**Work order**
Copy each entry below verbatim. Skip the pictures.

(Dataset entries)
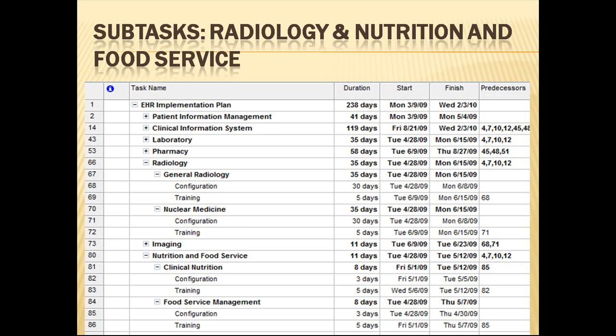Here we can see the radiology subtasks, which are general radiology and nuclear medicine. We can also see the nutrition and food services subtasks, which are clinical nutrition and food service management. The number of days for configuration and training are inputted into the duration column, and the total days are then automatically computed by the software for each of the tasks and then for the entire project as a whole.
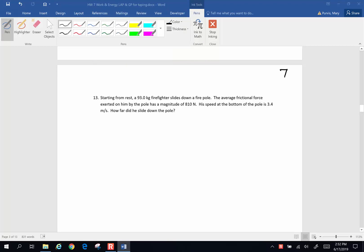Some more Chapter 7 problems. Starting from rest, a 93.0 kilogram firefighter slides down a fire pole. The average frictional force exerted on him by the pole has a magnitude of 810 newtons. His speed at the bottom of the pole is 3.40 meters per second. How far did he slide down the pole?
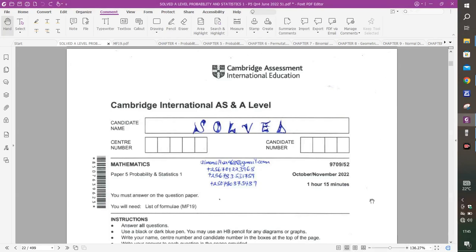Welcome to class today. We are going to look at Paper 5-2, October-November 2022 for Cambridge International AS and A-Level Mathematics — that is, Probability and Statistics 1. My name is Teacher Simon.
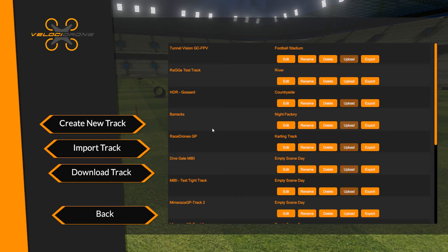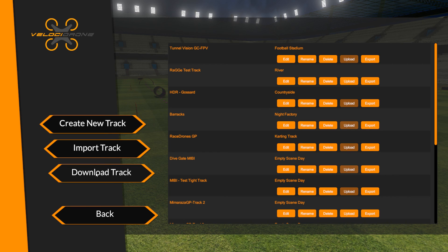Our hope is that adding this new functionality will massively increase the number of tracks available to customers via the download capability, and allow for much wider sharing of the really good work that track builders are doing — creating real-world and fantasy tracks within Velostrome and sharing them with the community. That's it, and I'll see you on the next video.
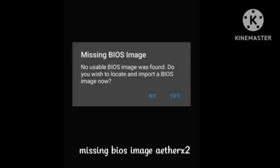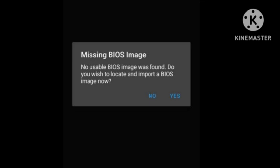Hey guys, welcome to our channel. In this video I will tell you about a problem that many users are facing: the missing BIOS image error — 'No usable BIOS image was found. Do you wish to locate and import a BIOS image?' I will show you how to fix this problem by following some simple steps.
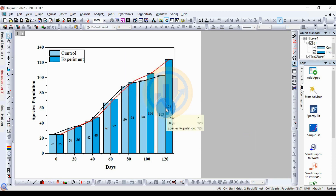The high-quality graph has been exported from OriginPro software. Thank you for watching this video. If you like our channel videos, please click the Subscribe button. If you have any doubts, leave a comment and I will help you. Thank you for watching.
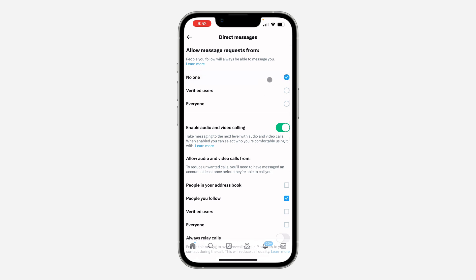Note that people that you follow will always be able to message you. So if you don't want to receive messages at all, just unfollow all the people you are following. So if you found this video helpful,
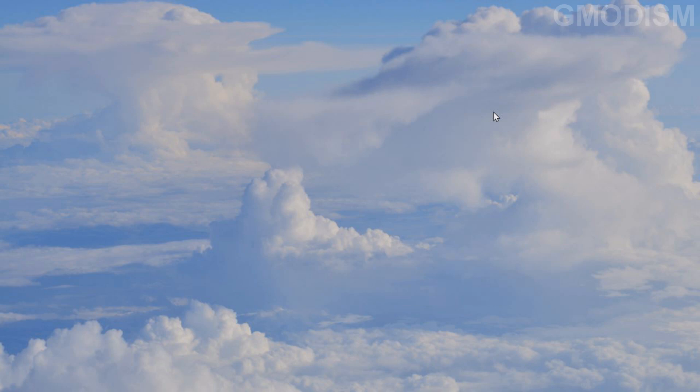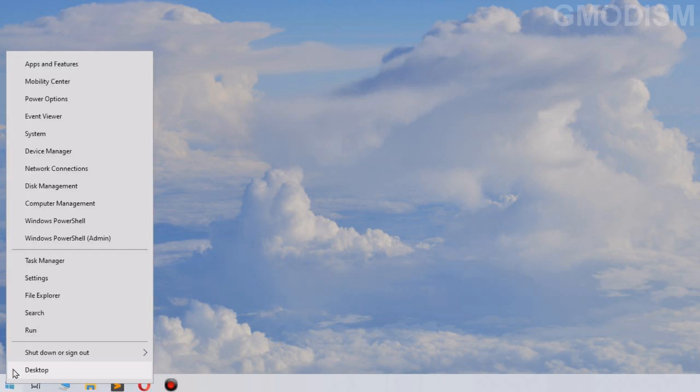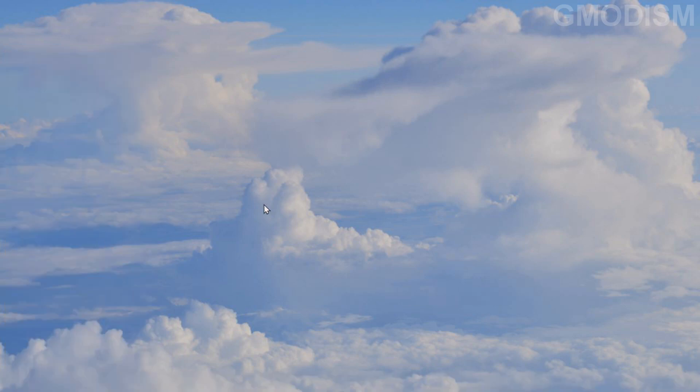But if you'd rather use this space, you can disable this feature. What we'll do is start PowerShell. Go down to the flag, right-click on it and click on Windows PowerShell admin, or search up PowerShell, right-click, and start as admin.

**Result**
Here we can see the radiology subtasks, which are general radiology and nuclear medicine. We can also see the nutrition and food services subtasks, which are clinical nutrition and food service management. The number of days for configuration and training are inputted into the duration column, and the total days are then automatically computed by the software for each of the tasks and then for the entire project as a whole.
Some more Chapter 7 problems. Starting from rest, a 93.0 kilogram firefighter slides down a fire pole. The average frictional force exerted on him by the pole has a magnitude of 810 newtons. His speed at the bottom of the pole is 3.40 meters per second. How far did he slide down the pole?
Welcome to class today. We are going to look at Paper 5-2, October-November 2022 for Cambridge International AS and A-Level Mathematics — that is, Probability and Statistics 1. My name is Teacher Simon.
Our hope is that adding this new functionality will massively increase the number of tracks available to customers via the download capability, and allow for much wider sharing of the really good work that track builders are doing — creating real-world and fantasy tracks within Velostrome and sharing them with the community. That's it, and I'll see you on the next video.
Hey guys, welcome to our channel. In this video I will tell you about a problem that many users are facing: the missing BIOS image error — 'No usable BIOS image was found. Do you wish to locate and import a BIOS image?' I will show you how to fix this problem by following some simple steps.
The high-quality graph has been exported from OriginPro software. Thank you for watching this video. If you like our channel videos, please click the Subscribe button. If you have any doubts, leave a comment and I will help you. Thank you for watching.
Note that people that you follow will always be able to message you. So if you don't want to receive messages at all, just unfollow all the people you are following. So if you found this video helpful,
But if you'd rather use this space, you can disable this feature. What we'll do is start PowerShell. Go down to the flag, right-click on it and click on Windows PowerShell admin, or search up PowerShell, right-click, and start as admin.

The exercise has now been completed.